Re: [PATCHv2 1/2] mm/memory: Do not populate page table entries beyond i_size

Posted by Hugh Dickins 3 months, 1 week ago

On Wed, 29 Oct 2025, Kiryl Shutsemau wrote:
> On Wed, Oct 29, 2025 at 01:31:45AM -0700, Hugh Dickins wrote:
> > On Mon, 27 Oct 2025, David Hildenbrand wrote:
> > ...
> > > 
> > > Just so we are on the same page: this is not about which folio sizes we
> > > allocate (like what Baolin fixed) but what/how much to map.
> > > 
> > > I guess this patch here would imply the following changes
> > > 
> > > 1) A file with a size that is not PMD aligned will have the last (unaligned
> > > part) not mapped by PMDs.
> > > 
> > > 2) Once growing a file, the previously-last-part would not be mapped by PMDs.
> > 
> > Yes, the v2 patch was so, and the v3 patch fixes it.
> > 
> > khugepaged might have fixed it up later on, I suppose.
> > 
> > Hmm, does hpage_collapse_scan_file() or collapse_pte_mapped_thp()
> > want a modification, to prevent reinserting a PMD after a failed
> > non-shmem truncation folio_split?  And collapse_file() after a
> > successful non-shmem truncation folio_split?
> 
> I operated from an assumption that file collapse is still lazy as I
> wrote it back it the days and doesn't install PMDs. It *seems* to be
> true for khugepaged, but not MADV_COLLAPSE.
> 
> Hm...
> 
> > Conversely, shouldn't MADV_COLLAPSE be happy to give you a PMD
> > if the map size permits, even when spanning EOF?
> 
> Filesystem folks say allowing the folio to be mapped beyond
> round_up(i_size, PAGE_SIZE) is a correctness issue, not only POSIX
> violation.
> 
> I consider dropping 'install_pmd' from collapse_pte_mapped_thp() so the
> fault path is source of truth of whether PMD can be installed or not.
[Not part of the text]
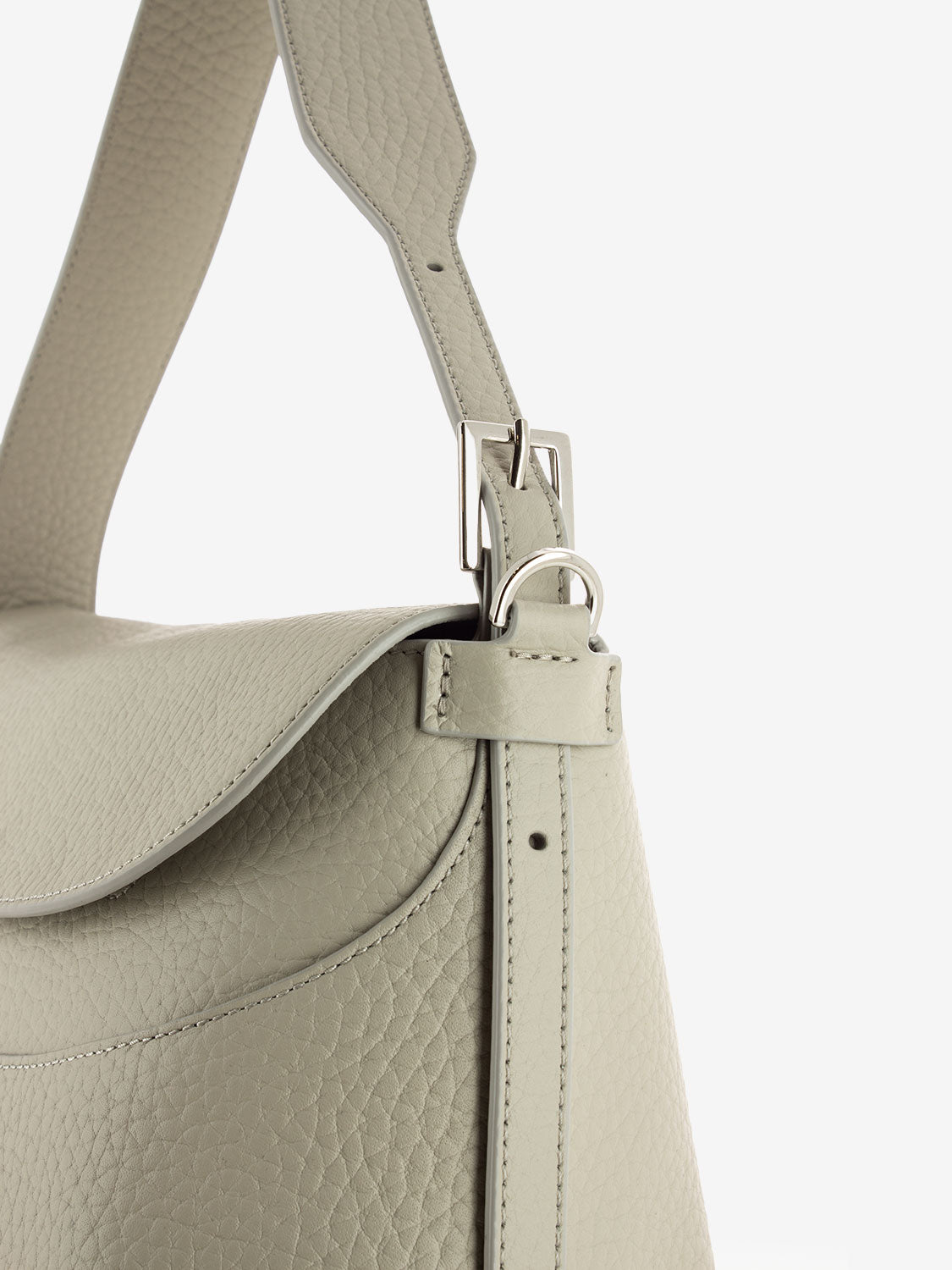 Borsa a spalla in pelle martellata argilla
(Didn't you yourself just recently enhance that?)

> 
> Objections?

Yes, I would probably object (or perhaps want to allow until EOF);
but now it looks to me like we can agree no change is needed there.

I was mistaken in raising those khugepaged/MADV_COLLAPSE doubts,
because file_thp_enabled(vma) is checked in the !shmem !anonymous
!dax case, and file_thp_enabled(vma) still limits to
CONFIG_READ_ONLY_THP_FOR_FS=y, refusing to allow collapse if anyone
has the file open for writing (and you cannot truncate or hole-punch
without write permission); and pagecache is invalidated afterwards
if there are any THPs when reopened for writing (presumably for
page_mkwrite()-ish consistency reasons, which you interestingly
pointed to in another mail where I had worried about ENOSPC after
split failure).

But shmem is simple, does not use page_mkwrite(), and is fine to
continue with install_pmd here, just as it's fine to continue
with huge page spanning EOF as you're now allowing in v3.

But please double check my conclusion there, it's so easy to
get lost in the maze of hugepage permissions and prohibitions.

Hugh

Re: [PATCHv2 1/2] mm/memory: Do not populate page table entries beyond i_size

Posted by Kiryl Shutsemau 3 months, 1 week ago

On Wed, Oct 29, 2025 at 10:59:24PM -0700, Hugh Dickins wrote:
> On Wed, 29 Oct 2025, Kiryl Shutsemau wrote:
> > On Wed, Oct 29, 2025 at 01:31:45AM -0700, Hugh Dickins wrote:
> > > On Mon, 27 Oct 2025, David Hildenbrand wrote:
> > > ...
> > > > 
> > > > Just so we are on the same page: this is not about which folio sizes we
> > > > allocate (like what Baolin fixed) but what/how much to map.
> > > > 
> > > > I guess this patch here would imply the following changes
> > > > 
> > > > 1) A file with a size that is not PMD aligned will have the last (unaligned
> > > > part) not mapped by PMDs.
> > > > 
> > > > 2) Once growing a file, the previously-last-part would not be mapped by PMDs.
> > > 
> > > Yes, the v2 patch was so, and the v3 patch fixes it.
> > > 
> > > khugepaged might have fixed it up later on, I suppose.
> > > 
> > > Hmm, does hpage_collapse_scan_file() or collapse_pte_mapped_thp()
> > > want a modification, to prevent reinserting a PMD after a failed
> > > non-shmem truncation folio_split?  And collapse_file() after a
> > > successful non-shmem truncation folio_split?
> > 
> > I operated from an assumption that file collapse is still lazy as I
> > wrote it back it the days and doesn't install PMDs. It *seems* to be
> > true for khugepaged, but not MADV_COLLAPSE.
> > 
> > Hm...
> > 
> > > Conversely, shouldn't MADV_COLLAPSE be happy to give you a PMD
> > > if the map size permits, even when spanning EOF?
> > 
> > Filesystem folks say allowing the folio to be mapped beyond
> > round_up(i_size, PAGE_SIZE) is a correctness issue, not only POSIX
> > violation.
> > 
> > I consider dropping 'install_pmd' from collapse_pte_mapped_thp() so the
> > fault path is source of truth of whether PMD can be installed or not.
> 
> (Didn't you yourself just recently enhance that?)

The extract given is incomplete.